++++ Task data
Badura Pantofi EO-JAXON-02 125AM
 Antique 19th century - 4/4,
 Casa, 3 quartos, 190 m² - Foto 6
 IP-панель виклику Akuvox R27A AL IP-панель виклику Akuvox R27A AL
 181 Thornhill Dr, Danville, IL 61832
++++++++
▶ _Directions for this task_
Nothing but the lines from the one with "IP-панель виклику Akuvox R27A AL IP-панель" through the final line of the data above should be output, exactly as written.

▶ _Output for this task_
 IP-панель виклику Akuvox R27A AL IP-панель виклику Akuvox R27A AL
 181 Thornhill Dr, Danville, IL 61832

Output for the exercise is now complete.